Il ne s’agissait plus d’attendre une paix globale entre Israël et la Palestine, mais de contourner l’équation palestinienne, en transformant les partenaires arabes d’antan en alliés potentiels de Tel-Aviv. Pour ses partisans, ce fut un coup de génie. Pour ses détracteurs, un abandon pur et simple de la cause palestinienne au profit du cynisme des intérêts économiques et géostratégiques.
Une paix signée… sans les principaux intéressés ?
C’est là que le bât blesse. Les accords d’Abraham ne sont pas des traités de paix à proprement parler – il n’existait pas d’état de guerre entre les signataires – mais plutôt des pactes de reconnaissance mutuelle. La question palestinienne, loin d’être résolue, en est sortie marginalisée, voire évacuée. Pire : les années Trump ont vu la reconnaissance de Jérusalem comme capitale d’Israël et le transfert de l’ambassade américaine, acte unilatéral qui a ulcéré une grande partie du monde arabo-musulman.

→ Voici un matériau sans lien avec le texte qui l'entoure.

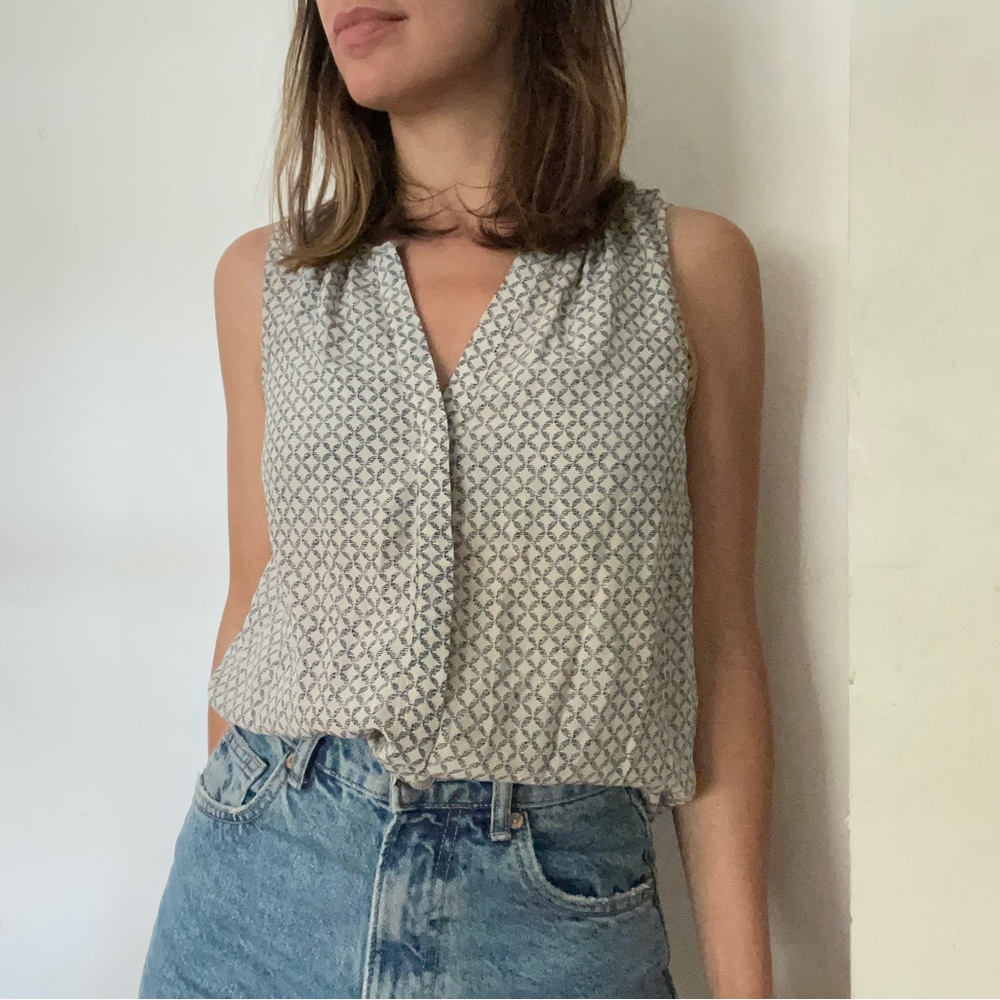 Silk sleeveless print blouse from Joie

Peut-on prétendre à la paix lorsque l’on accroît les fractures ? Peut-on être nobélisé pour une stratégie de contournement ?
Un Nobel politique, vraiment ?
Le prix Nobel de la paix n’est pas un prix d’intention : c’est une reconnaissance du résultat durable. Si la realpolitik brutale de Trump a certes permis des avancées pragmatiques, rien ne dit qu’elles survivront aux tensions à venir. Depuis, la région s’est embrasée à nouveau, à Gaza comme au Liban, et les perspectives d’un apaisement durable semblent plus lointaines que jamais.
Certes, le Nobel n’a pas toujours récompensé des pacifistes irréprochables. Kissinger en fut le plus parfait contre-exemple. Mais peut-on sérieusement considérer Donald Trump, dont les saillies contre l’Iran, la Syrie et les Kurdes ont jeté une ombre persistante, comme un “homme de paix” ?
Un miroir de notre époque
Finalement, cette suggestion de Netanyahou, mi-sérieuse, mi-provocatrice, en dit long sur l’époque. Dans un monde où l’efficacité brutale est parfois préférée à la diplomatie feutrée, où les deals priment sur les principes, Donald Trump incarne une forme de succès contemporain. Faut-il pour autant lui tendre la médaille de la paix ? Rien n’est moins sûr.
L’histoire, seule, tranchera. Et le comité Nobel, dans sa sagesse parfois paradoxale.